Task item:
Each line from the one containing "在途商旅第1张手机截图" to the end of the entries is to be repeated exactly, and no other line.

Extracted entries:

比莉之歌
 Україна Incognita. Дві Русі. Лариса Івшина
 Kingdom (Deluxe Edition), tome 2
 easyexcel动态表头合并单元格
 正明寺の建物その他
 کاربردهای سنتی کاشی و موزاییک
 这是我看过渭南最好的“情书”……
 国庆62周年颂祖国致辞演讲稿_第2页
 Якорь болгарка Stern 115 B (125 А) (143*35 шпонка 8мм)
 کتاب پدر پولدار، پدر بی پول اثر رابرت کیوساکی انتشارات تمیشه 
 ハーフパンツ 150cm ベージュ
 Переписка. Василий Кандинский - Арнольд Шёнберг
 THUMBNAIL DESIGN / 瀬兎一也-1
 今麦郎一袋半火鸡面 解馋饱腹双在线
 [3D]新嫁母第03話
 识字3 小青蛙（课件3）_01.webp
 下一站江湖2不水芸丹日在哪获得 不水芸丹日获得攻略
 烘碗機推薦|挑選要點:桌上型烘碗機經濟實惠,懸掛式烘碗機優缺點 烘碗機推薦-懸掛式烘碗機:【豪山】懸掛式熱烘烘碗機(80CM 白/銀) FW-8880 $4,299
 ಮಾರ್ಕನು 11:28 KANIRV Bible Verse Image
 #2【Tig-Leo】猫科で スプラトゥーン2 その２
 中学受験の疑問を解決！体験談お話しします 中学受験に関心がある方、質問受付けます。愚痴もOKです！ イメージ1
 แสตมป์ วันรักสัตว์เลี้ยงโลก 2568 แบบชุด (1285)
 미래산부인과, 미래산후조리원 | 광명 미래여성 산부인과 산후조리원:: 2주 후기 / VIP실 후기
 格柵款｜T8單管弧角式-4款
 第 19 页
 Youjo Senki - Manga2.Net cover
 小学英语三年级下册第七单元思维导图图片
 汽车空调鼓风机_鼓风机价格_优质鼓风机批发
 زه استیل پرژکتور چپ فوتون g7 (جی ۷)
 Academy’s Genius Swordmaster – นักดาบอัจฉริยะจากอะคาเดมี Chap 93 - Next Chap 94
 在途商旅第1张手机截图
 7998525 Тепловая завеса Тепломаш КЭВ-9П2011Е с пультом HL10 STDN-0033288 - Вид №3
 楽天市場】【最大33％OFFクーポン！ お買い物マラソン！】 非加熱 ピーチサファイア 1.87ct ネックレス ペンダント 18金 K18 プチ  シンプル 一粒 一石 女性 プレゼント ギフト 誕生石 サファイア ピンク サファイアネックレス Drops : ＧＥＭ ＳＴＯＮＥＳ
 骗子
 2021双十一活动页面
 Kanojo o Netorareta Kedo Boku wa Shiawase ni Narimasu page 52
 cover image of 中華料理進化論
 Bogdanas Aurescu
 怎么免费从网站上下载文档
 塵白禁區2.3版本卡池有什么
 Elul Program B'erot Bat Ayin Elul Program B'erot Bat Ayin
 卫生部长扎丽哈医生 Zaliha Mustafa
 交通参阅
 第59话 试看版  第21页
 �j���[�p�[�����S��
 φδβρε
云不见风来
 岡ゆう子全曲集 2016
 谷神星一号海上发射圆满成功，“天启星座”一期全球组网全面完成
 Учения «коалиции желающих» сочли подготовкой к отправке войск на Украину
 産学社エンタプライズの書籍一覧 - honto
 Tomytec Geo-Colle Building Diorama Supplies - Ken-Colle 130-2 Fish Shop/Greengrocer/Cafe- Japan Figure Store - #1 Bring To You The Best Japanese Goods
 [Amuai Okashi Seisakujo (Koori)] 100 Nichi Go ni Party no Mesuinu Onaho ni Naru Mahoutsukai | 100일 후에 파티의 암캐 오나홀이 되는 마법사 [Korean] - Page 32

Task output:
 在途商旅第1张手机截图
 7998525 Тепловая завеса Тепломаш КЭВ-9П2011Е с пультом HL10 STDN-0033288 - Вид №3
 楽天市場】【最大33％OFFクーポン！ お買い物マラソン！】 非加熱 ピーチサファイア 1.87ct ネックレス ペンダント 18金 K18 プチ  シンプル 一粒 一石 女性 プレゼント ギフト 誕生石 サファイア ピンク サファイアネックレス Drops : ＧＥＭ ＳＴＯＮＥＳ
 骗子
 2021双十一活动页面
 Kanojo o Netorareta Kedo Boku wa Shiawase ni Narimasu page 52
 cover image of 中華料理進化論
 Bogdanas Aurescu
 怎么免费从网站上下载文档
 塵白禁區2.3版本卡池有什么
 Elul Program B'erot Bat Ayin Elul Program B'erot Bat Ayin
 卫生部长扎丽哈医生 Zaliha Mustafa
 交通参阅
 第59话 试看版  第21页
 �j���[�p�[�����S��
 φδβρε
云不见风来
 岡ゆう子全曲集 2016
 谷神星一号海上发射圆满成功，“天启星座”一期全球组网全面完成
 Учения «коалиции желающих» сочли подготовкой к отправке войск на Украину
 産学社エンタプライズの書籍一覧 - honto
 Tomytec Geo-Colle Building Diorama Supplies - Ken-Colle 130-2 Fish Shop/Greengrocer/Cafe- Japan Figure Store - #1 Bring To You The Best Japanese Goods
 [Amuai Okashi Seisakujo (Koori)] 100 Nichi Go ni Party no Mesuinu Onaho ni Naru Mahoutsukai | 100일 후에 파티의 암캐 오나홀이 되는 마법사 [Korean] - Page 32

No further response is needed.